» **Task**: Omit the pictures and output exactly the lines from the start of the entries through the line containing "Lucy, Escort, Salalah".

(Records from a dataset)

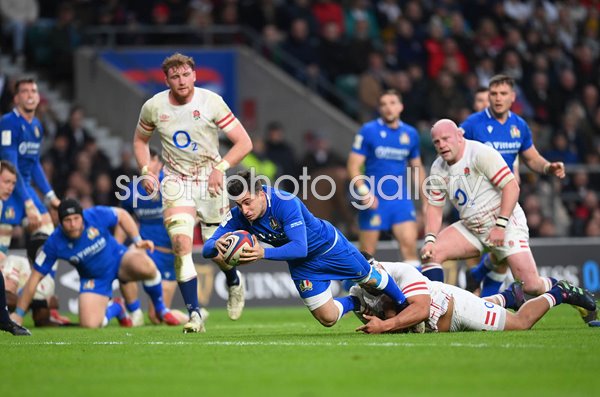 Alessandro Fusco Italy scores v England Six Nations Twickenham 2023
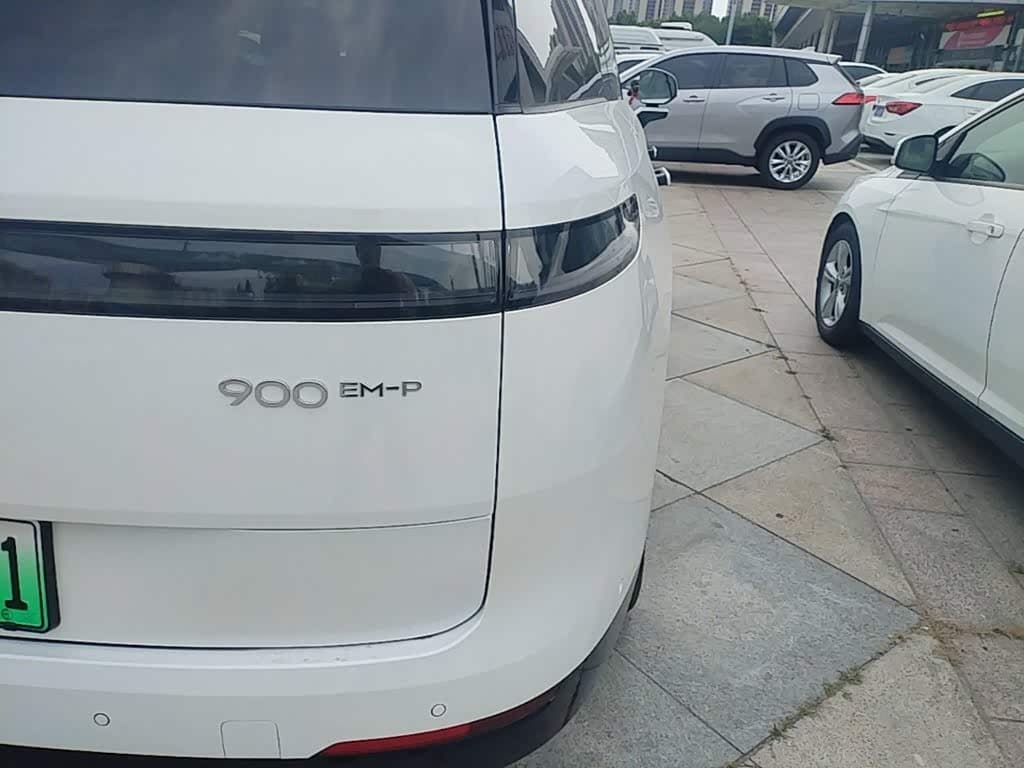 2025 Lynk & Co 900 White, 900 km, China export – photo 8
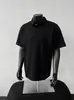 Camiseta tipo polo de manga corta con hombros rectos y retazos estilo americano para hombre, nuevo modelo de verano con diseño de capa de aire, top moderno de media manga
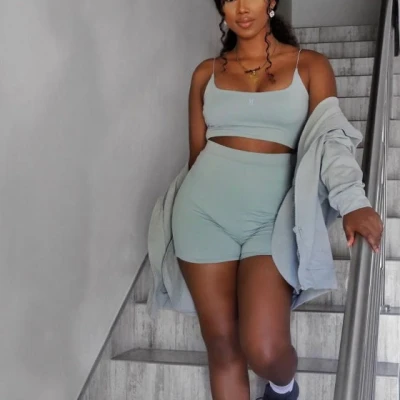 Lucy, Escort, Salalah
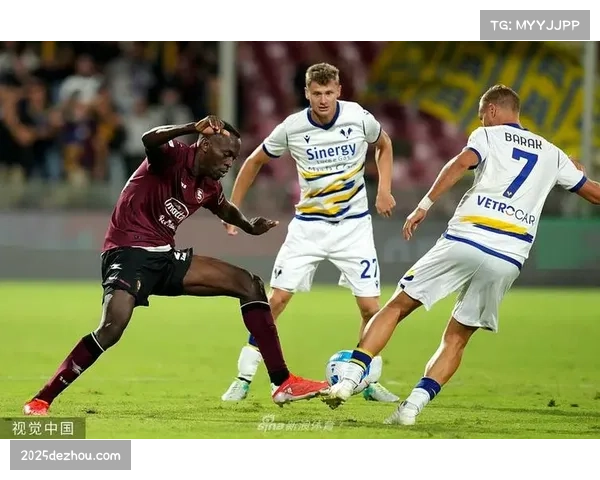 维罗纳1-1萨勒尼塔纳，两队合计仅一次射正，控球多在安全区域交换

» **Problem solution**:
 Alessandro Fusco Italy scores v England Six Nations Twickenham 2023
 2025 Lynk & Co 900 White, 900 km, China export – photo 8
 Camiseta tipo polo de manga corta con hombros rectos y retazos estilo americano para hombre, nuevo modelo de verano con diseño de capa de aire, top moderno de media manga
 Lucy, Escort, Salalah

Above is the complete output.